JAKARTA – Presiden Prabowo Subianto resmi melantik Suahasil Nazara sebagai Menteri Keuangan dalam Kabinet Merah Putih pada Senin (14/9/2026). Suahasil menggantikan Purbaya Yudhi Sadewa untuk mengemban sisa masa jabatan periode 2024-2029.
Pergantian kepemimpinan di kursi bendahara negara ini awalnya direspons positif oleh pasar dengan harapan adanya kepastian kebijakan fiskal. Namun, optimisme tersebut belum mampu mengangkat performa Indeks Harga Saham Gabungan (IHSG) secara signifikan.
Pada perdagangan hari ini, IHSG justru ditutup melemah 0,10% ke level 6.534. Investor asing terpantau masih melakukan aksi jual bersih atau net sell dengan nilai mencapai Rp330 miliar.

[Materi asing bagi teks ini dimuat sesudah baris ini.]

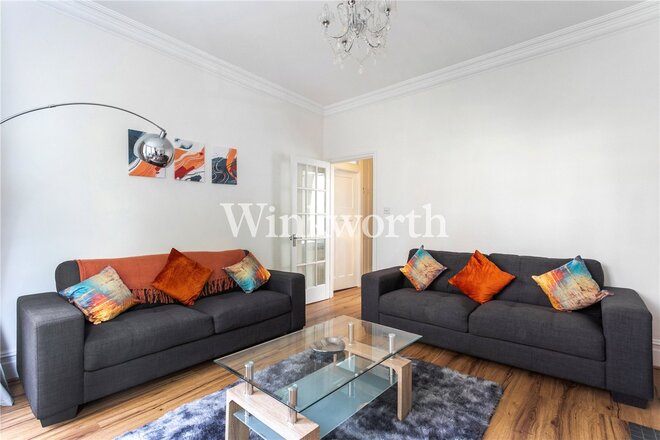 Falkland Road, London, N8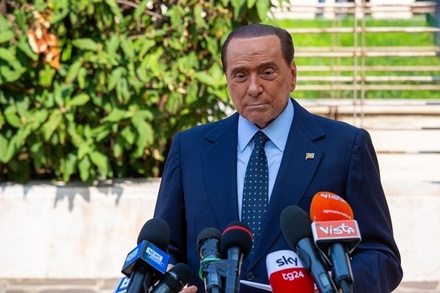 Сильвио Берлускони вновь попал в больницу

Analis menilai, respons pasar saat ini lebih mencerminkan relief rally atau sekadar pemulihan dari ketidakpastian sosok menteri. Pasar menyambut pergantian figur tersebut, namun belum sepenuhnya menunjukkan kepercayaan terhadap arah kebijakan fiskal ke depan.
Pengamat pasar modal, Hendra Wardana, menilai Suahasil memiliki modal kuat karena rekam jejaknya sebagai Wakil Menteri Keuangan. Pengalaman tersebut membuatnya memahami struktur APBN, kebutuhan pembiayaan, hingga sensitivitas pasar.

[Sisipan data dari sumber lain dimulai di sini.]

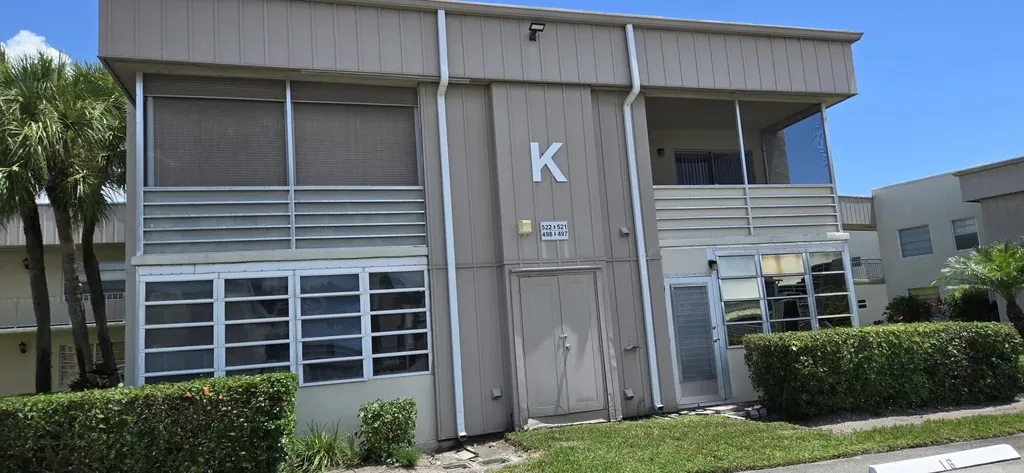 497 Flanders K Delray Beach FL 33484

Meski demikian, pasar kini menuntut pembuktian lebih dari sekadar pengalaman. Investor ingin melihat kemampuan kepemimpinan baru dalam mengembalikan kredibilitas serta prediktabilitas kebijakan fiskal di tengah tantangan ekonomi nasional.

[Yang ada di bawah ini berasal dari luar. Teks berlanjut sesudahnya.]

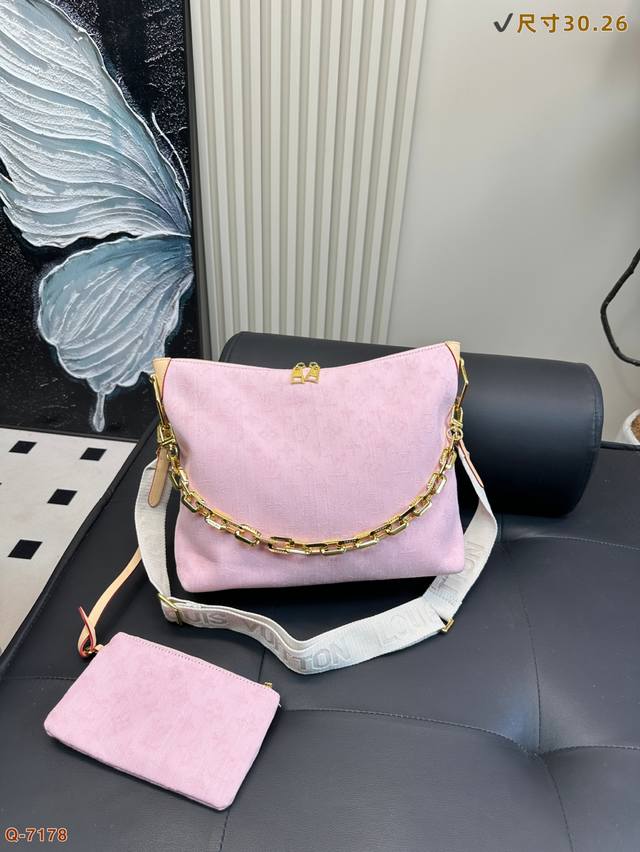 With Folding Box Lv New Model For The Catwalk Cousin Fashion Bloggers Must-Have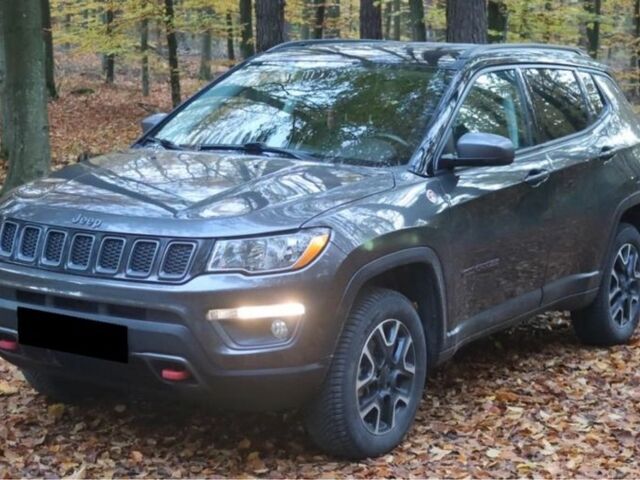 Серый Джип Компас, объемом двигателя 2.4 л и пробегом 69 тыс. км за 9800 $, фото 1 на Automoto.ua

Ujian utama bagi Suahasil mencakup pengelolaan defisit APBN, stabilitas rupiah, hingga koordinasi kebijakan fiskal dengan moneter. Komunikasi kebijakan yang jelas dan konsisten dinilai menjadi kunci agar investor bersedia memberikan risk premium yang lebih rendah bagi Indonesia.
Senior Market Analyst Mirae Asset Sekuritas, Nafan Aji Gusta, menambahkan bahwa pergantian menteri adalah katalis domestik yang diharapkan mampu menyeimbangkan tekanan eksternal. Namun, respons pasar saat ini dinilai masih positif-terukur dan belum menunjukkan euforia berlebih.
Di sisi lain, tekanan global masih membebani pasar saham dalam negeri. Konflik di Timur Tengah kembali memicu kenaikan harga minyak Brent hingga menembus US$107 per barel.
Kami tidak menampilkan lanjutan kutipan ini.